To the author of this article: Could you run your node test with "node --trace-gc <script>" turned on? That will output when, and for how long, node's GC is doing it's thing.
Anyway, this could be a legit complaint at this point.
It explains why JSON parsing doesn't perform well, but doesn't explain the original benchmark results. Would be great to get a comment from @mraleph or the other V8 guys on that.
1) one with Buffers is also causing mark-sweep/compact pauses (7-15ms each) because Buffer constructor calls AdjustAmountOfExternalAllocatedMemory which triggers full gc cycle if it thinks that too much memory is held outside V8.
2) GCs in string based benchmark are mainly scavenges taking 0 ms plus < 10 full collections taking <6ms each on my desktop.
That is all I can say. V8 GC is performing well here from my point of view.
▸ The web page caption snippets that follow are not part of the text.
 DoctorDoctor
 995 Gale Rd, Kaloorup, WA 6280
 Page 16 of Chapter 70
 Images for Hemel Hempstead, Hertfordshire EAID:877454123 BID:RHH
Yes, --trace-gc shows about 10 Mark-sweeps per second, each taking around 13 ms (no compacts though as far as I could see). But are those ~15% spent in GC are enough to explain the performance?
You were saying that V8 GC is failing here so I just explained why JSON.parse is especially bad for V8 GC.
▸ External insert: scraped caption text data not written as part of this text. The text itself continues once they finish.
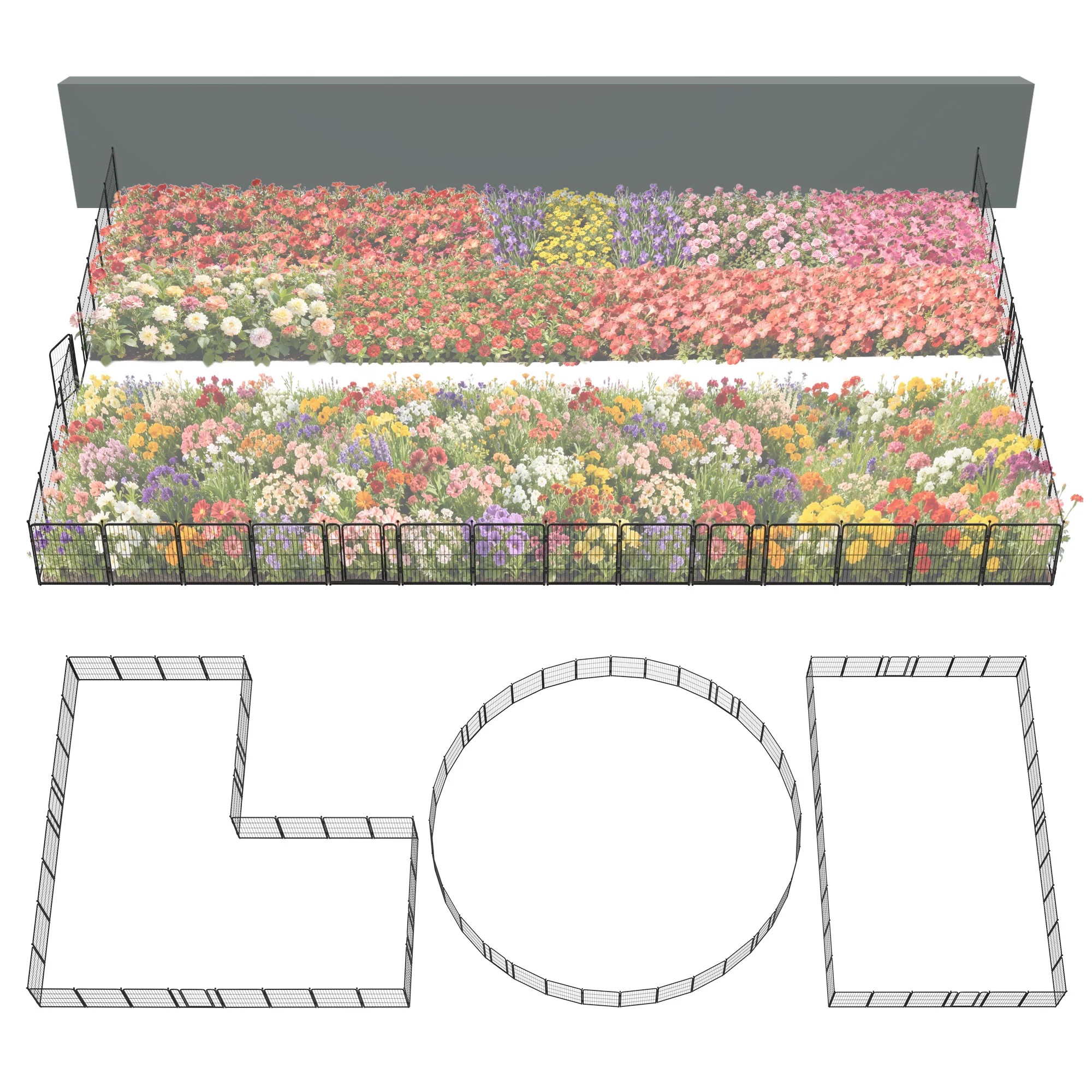 Product image 41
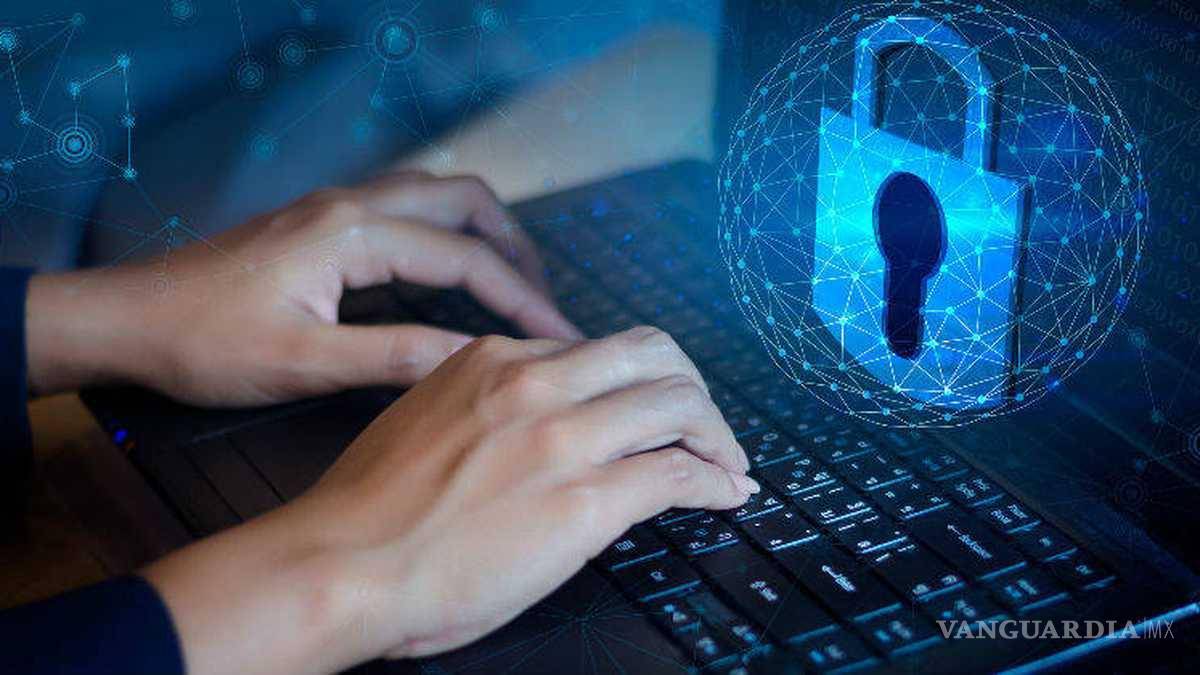 Lucha por la privacidad está cambiando internet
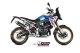 DAKAR SB BMW F 900 GS (24-26)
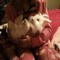 pepperkitty
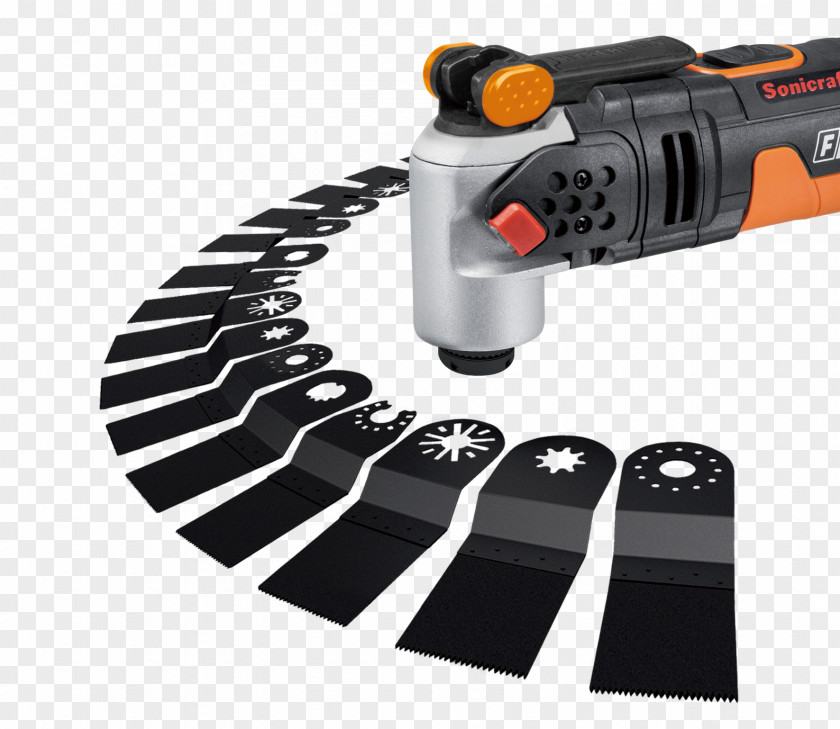 Multi-tool Multi-function Tools & Knives Angle Grinder WORX PNG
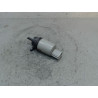 POMPE LAVE-GLACE AVANT B.M.W. SERIE 1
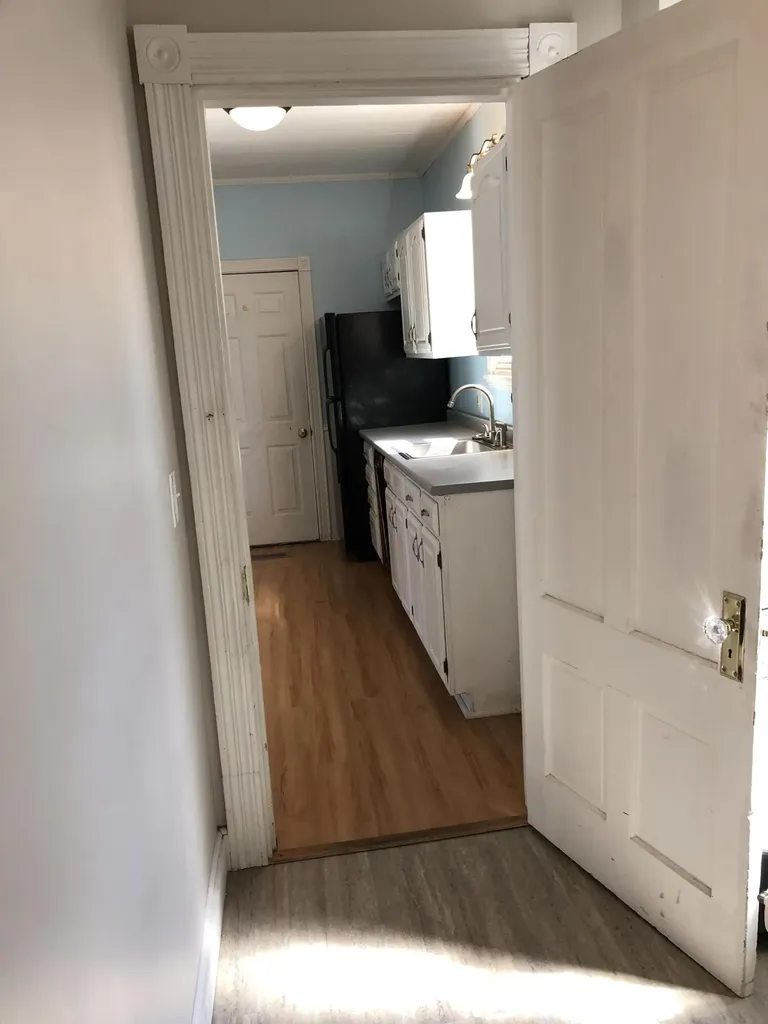 42 Webster Avenue Bangor ME 04401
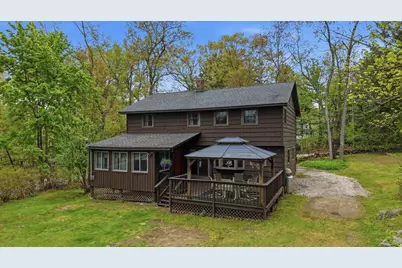 9 Lamb Road, Nashua, NH 03062 - Photo 2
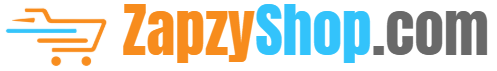 zapzyshop.com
Strictly speaking I am not even convinced that GC is bottleneck here. Only profiling can reveal the real bottleneck.
[I tried small experiment: used thirdparty pure-JS JSON parser instead of V8 JSON.parse --- that changed GC profile, but did not affect response time.]
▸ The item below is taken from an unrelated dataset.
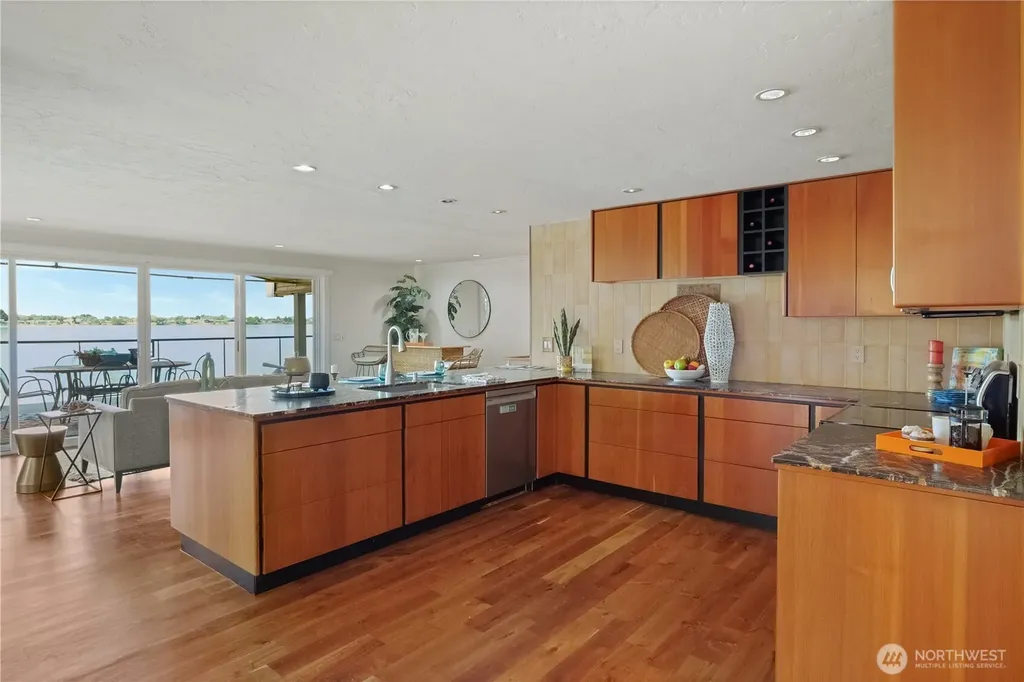 2102 Elgin Road NE Moses Lake WA 98837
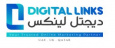 Digital Links Pro UAE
V8 has a very impressive garbage collector (stop-the-world, generational, accurate) and the GC is probably a part the Google team have spent a lot of time tuning and working on as it's one of the harder and most important parts of building a VM...
My guess is that node's GC configuration isn't finely tuned for 25KB structures or maybe the GC is called prematurely.
Some suggestions: try to turn off the GC and re-do the benchmark, try with smaller JSON datastructures, try with different versions of node. Each of these would give more evidence where the problem is.
Btw. in that benchmark: which versions of RingoJS and node.js are used? How much memory does each server use in the end?
Edit:
What type of garbage collector does RingoJS/Rhino use - how is the GC configured for RingoJS?
The JSON I'm parsing is just objects with short string properties (around 10 characters). There's just one longer 25kb JSON string but that is never collected. As to Node configuration, can you provide some specific options to use? I've been asking about this on #node.js (and ryan) and I'm open to any suggestions.
Ringo is running with the server hotspot JVM without any further options.
Per default, Java 6 uses a generational collector with multi-threaded stop-the-world copying for the young generation and single-threaded stop-the-world mark-sweep-compact for the tenured generation.
I think the editorializing of the headline is unnecessarily negative (read biased). There is obviously an issue Ryan is working on addressing but Node is clearly already providing performance which is suitable for many server workloads.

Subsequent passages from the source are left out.